Gilead Sciences is led by Daniel O'Day, with finance, R&D, commercial, technology, medical, operations, and business-unit leaders shaping major enterprise decisions.

  • Daniel O'DayChairman and Chief Executive OfficerCEO since 2019Leads Gilead's HIV franchise, oncology expansion, and capital allocation.
  • Andrew DickinsonChief Financial OfficerCFO since 2019Oversees finance, corporate development, and investor planning.
  • Dietmar BergerChief Medical OfficerCMO in 2026Guides clinical development across virology, oncology, and inflammation.
  • Johanna MercierChief Commercial OfficerSenior commercial leaderRuns global commercial strategy and launch execution.

How do you contact Gilead Sciences's leadership?

Gilead Sciences publishes official Gilead investor-relations contact route, but it does not publish verified personal executive emails for the leaders listed here. Use the official investor, media, supplier, compliance, or contact form routes rather than guessed personal addresses.

Email formatofficial Gilead investor-relations contact route; personal executive email format not verified

How much funding has Gilead Sciences raised?

Gilead Sciences is a mature public company, not a venture-backed startup. It trades as Nasdaq: GILD and funds growth through operating cash flow, public-market access, debt markets, partnerships, and acquisition capacity.

Gilead Sciences's capital history is a public-company story rather than a disclosed venture-round history. The relevant funding events are founding, public listing, major acquisitions or divestitures, retained earnings, debt capacity, R&D reinvestment, manufacturing investment, and shareholder capital allocation.

As of June 2026, the current capital lens is Nasdaq: GILD, $29.4B 2025 of 2025 revenue scale, and management's ability to fund launches, facilities, technology, clinical programs, supply chain, compliance, and business development. That is materially different from a startup where the next round controls hiring and tool budgets.

Seller signal: Gilead Sciences has enterprise buying power, but budget access is tied to risk, ROI, auditability, executive sponsorship, and integration fit. Procurement is more likely to approve projects that reduce operational friction, protect regulated workflows, improve patient or customer outcomes, or support a named business priority.
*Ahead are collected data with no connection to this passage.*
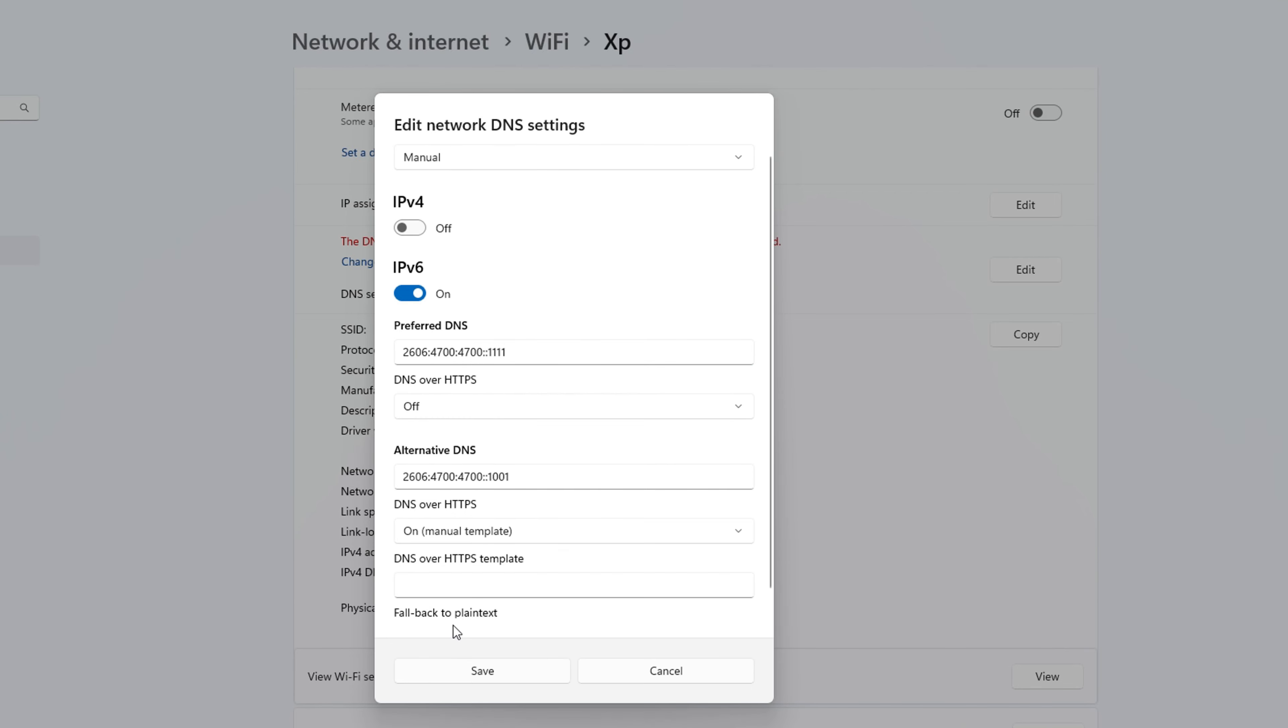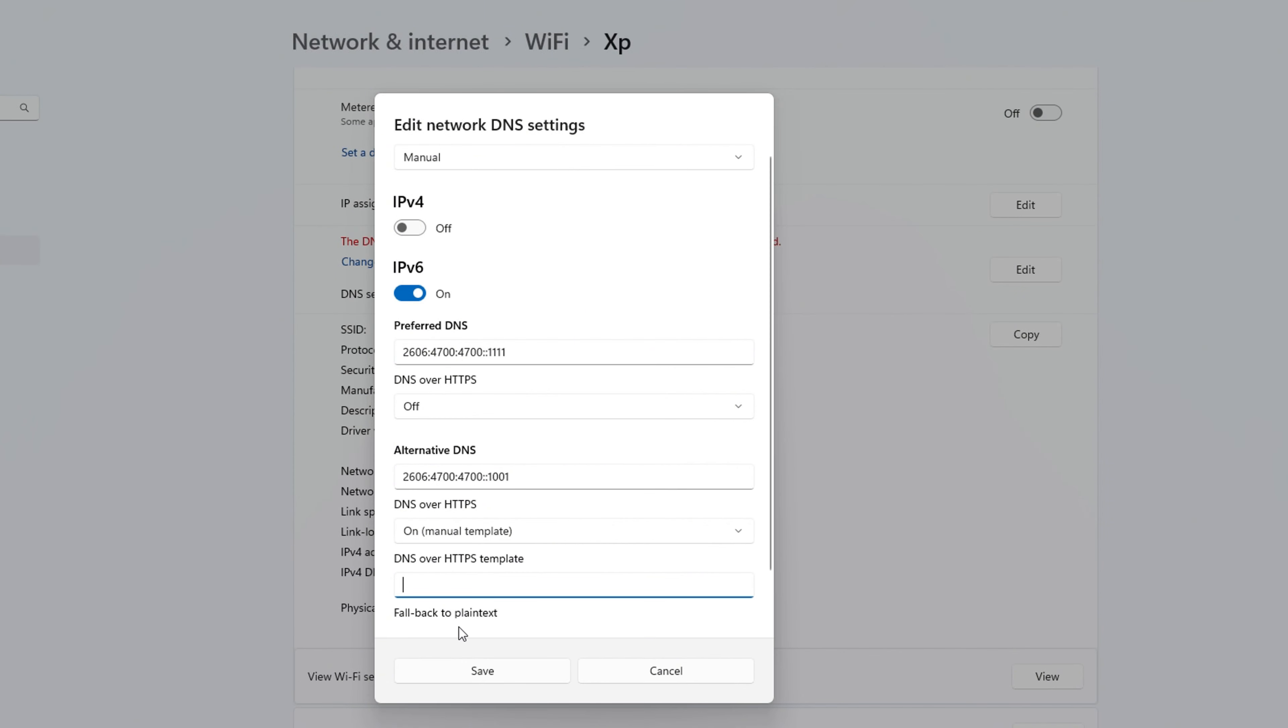Now go down and select the alternate DNS field and enter 2606 colon 4700 colon 4700 double colon 1001. And again, select DNS over HTTPS to on.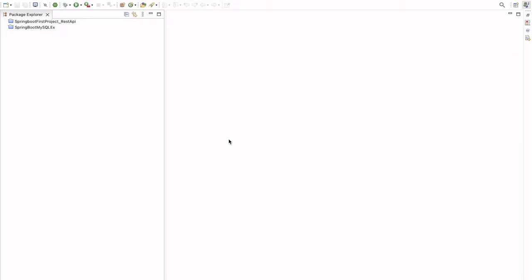Hello everyone, welcome to HJ Programming Solutions. In the last video we saw how to create a Spring Boot application and connect it with the database. In today's video we are going to create a complete Spring Boot application which covers all the CRUD operations. We are going to perform the CRUD operations on the employee object.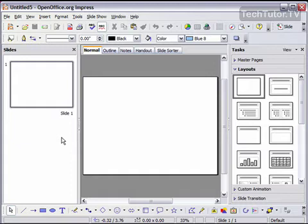OpenOffice has FontWorks, which is much like Microsoft WordArt, and it can allow you to easily create a title or just some interesting text. I'm going to go ahead and insert it into a blank presentation that I have here.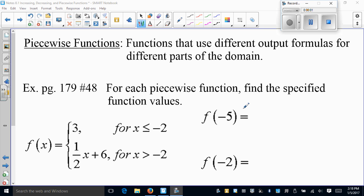Chapter 2.1 part 2: piecewise functions. We'll be spending quite a bit of time in class on these. I'll show you on the video how to do them, but we'll also do them on calculators in class. Piecewise functions are functions that have different output formulas for different parts of the domain, and they can even have breaks in their domain.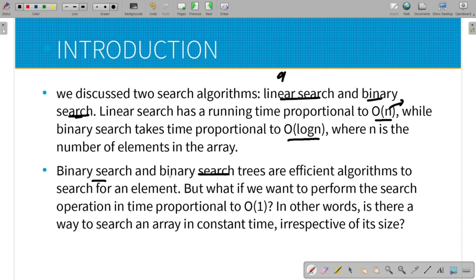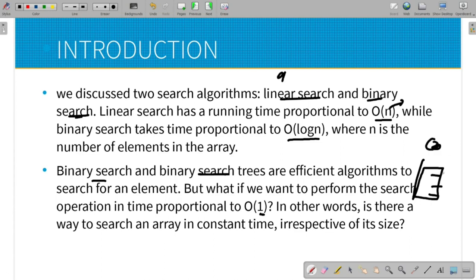If you have a binary heap, we can use a hash table and hash function. With hashing, search time is big O of one. For example, you can create a hash function. If you search an element, you can see the answer in 1 millisecond, irrespective of the size.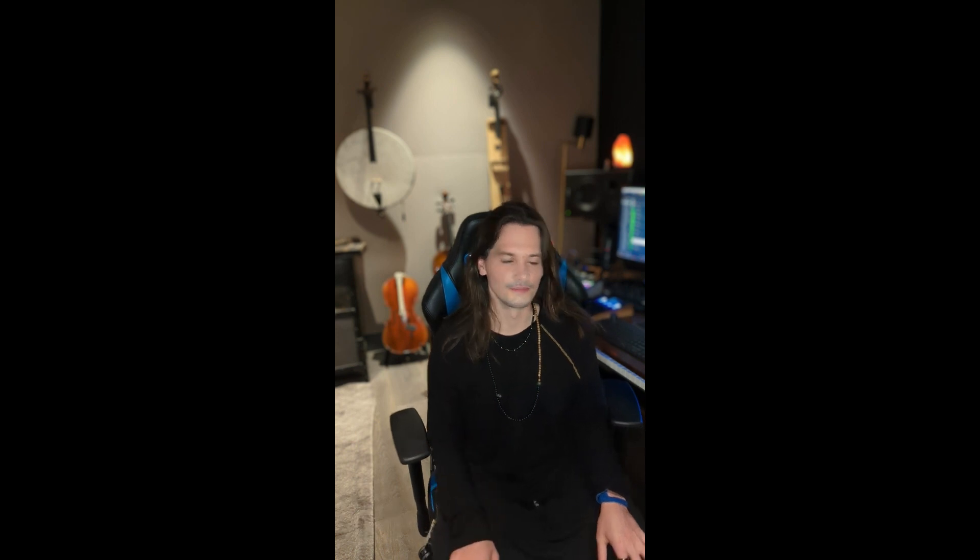Today I want to show you a few of my custom key commands that I created for Cubase, and they really help to speed up my workflow. I've gotten a lot of questions throughout the years about these key commands, and I've never really made a video about them. So without further ado, here they are, and I hope they improve your workflow as well.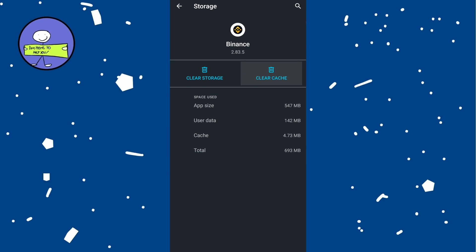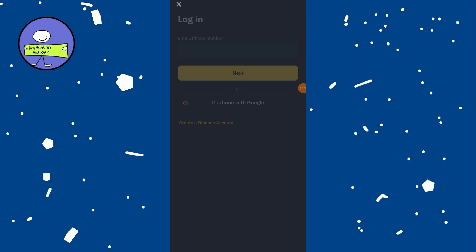This will remove any corrupted files that might be causing the issue. Sometimes Binance may restrict your account due to suspicious activity. Wait a few hours before trying again.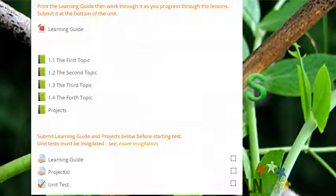Throughout the unit, you'll also find quizzes, assignments, tests, and projects. Instructions will precede all of these. Use them to help you improve and assess your learning.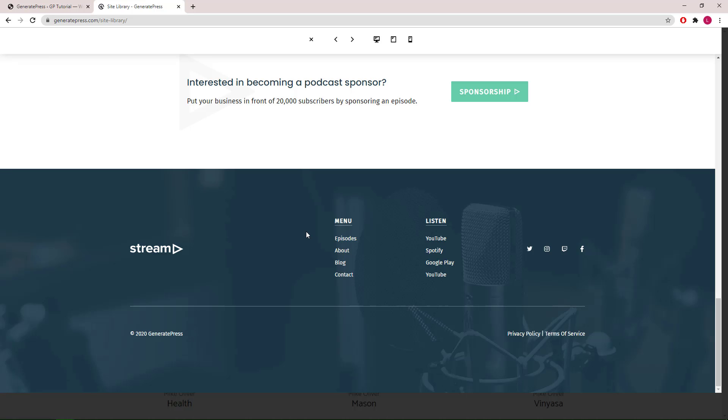Hello everyone, this is Leo from GeneratePress and GenerateBlocks. In this video I will be showing you how to replicate the custom footer from the Stream template in GP's site library.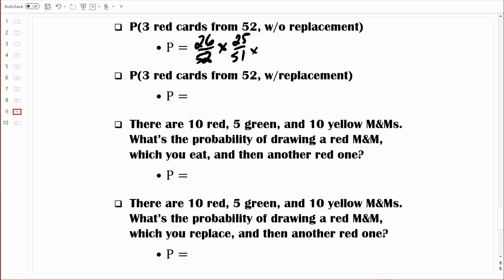Now let's set up the probability for randomly selecting that third red card. There are now only 24 red cards left and only 50 cards left overall. So we can find the joint occurrence by multiplying those three fractions. I like using fractions in these more complicated examples — the fractions are more intuitive to look at. When you look at that first fraction, 26 out of 52, that makes a lot of sense. Also, when we write the fractions this way, we're only doing rounding at the last step, which is nice because the difference between this first example and the second is really very small.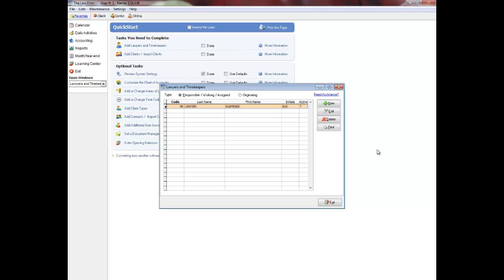Do not delete Lawyer 99, the Suspense Lawyer. The Suspense Lawyer does not count towards the total number of active lawyers, but is required for system maintenance.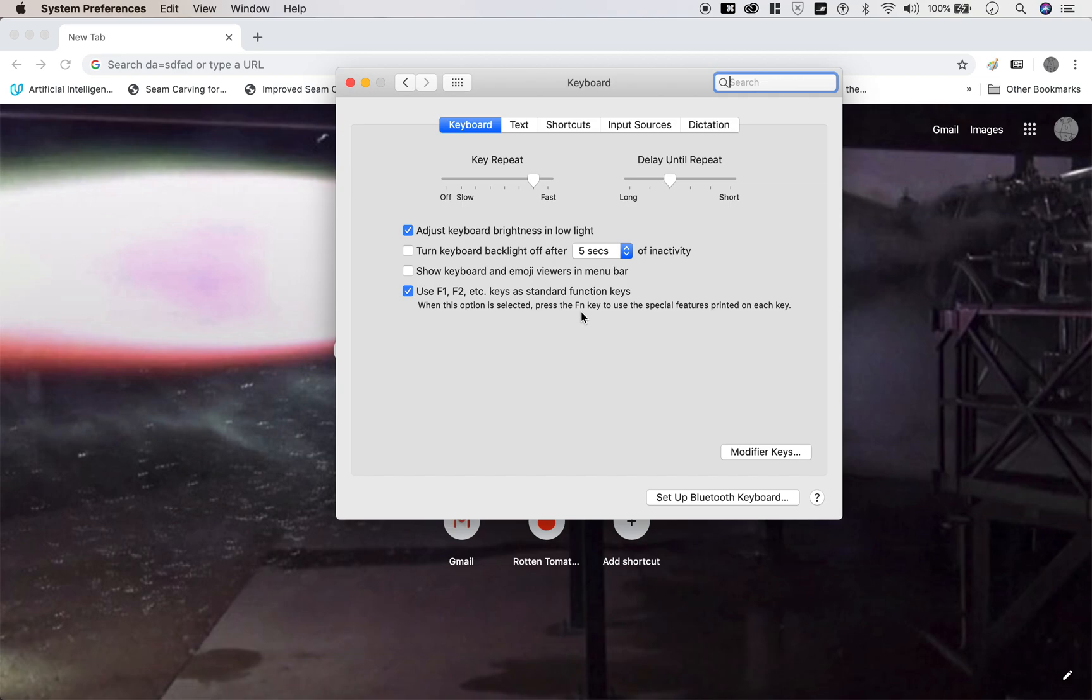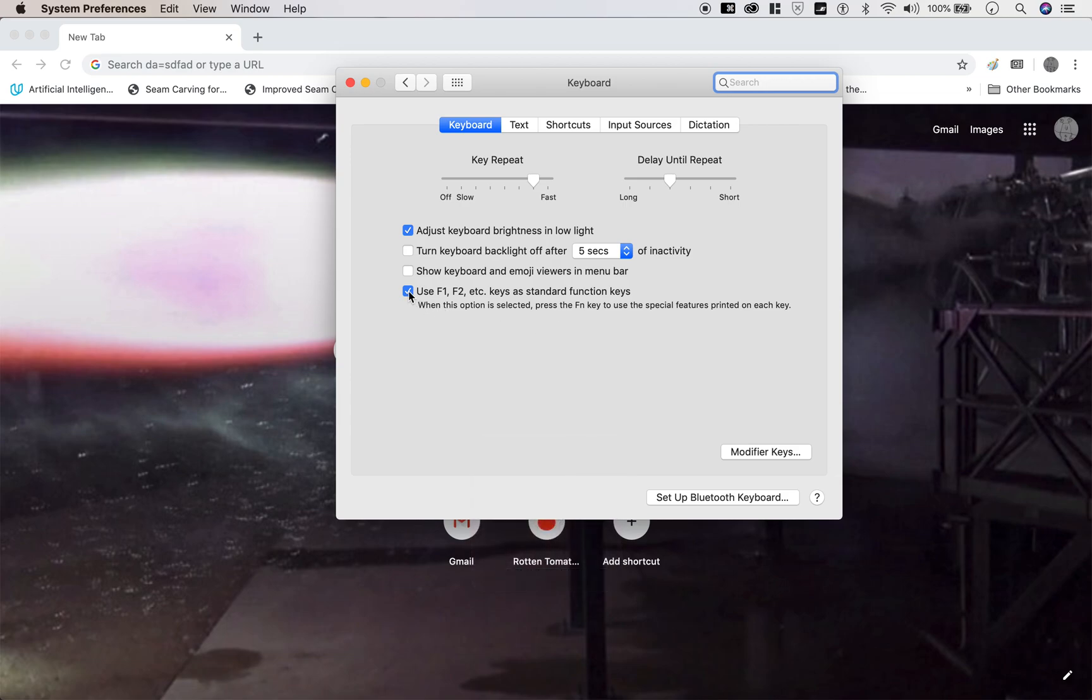So if you just want to press F11 to change the volume, then just uncheck this.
How did Gilead Sciences get here?

Gilead Sciences grew through founding, product expansion, public-market scale, strategic portfolio moves, and regulated healthcare execution.

  1. 1987Gilead foundedThe company begins in the San Francisco Bay Area.
  2. 1992IPOGilead becomes a public biotechnology company.
  3. 2017Kite acquisitionGilead enters cell therapy at scale through Kite.
  4. 2020Trodelvy acquisitionGilead expands oncology with Immunomedics.
  5. 2025$29.4B revenueGilead reports total full-year 2025 revenues of $29.4 billion.
  6. 2026HIV growth continuesQ1 2026 product sales rise with HIV, Trodelvy, and Livdelzi contribution.

Who are Gilead Sciences's competitors?

Gilead Sciences competes with large healthcare, pharma, diagnostics, life-science, and medtech companies that overlap in products, customers, procurement budgets, and clinical workflows.

  • ViiV HealthcareCompetes most directly in HIV treatment and prevention.
  • Merck & Co.Competes in HIV, oncology, and hospital infectious-disease portfolios.
  • Bristol Myers SquibbCompetes in oncology, cell therapy, and specialty-care access.
  • AbbVieCompetes in immunology, oncology, virology legacy areas, and specialty pharmacy.
  • Johnson & JohnsonCompetes in oncology, immunology, and infectious disease.
  • RocheCompetes in oncology and diagnostics-linked specialty care.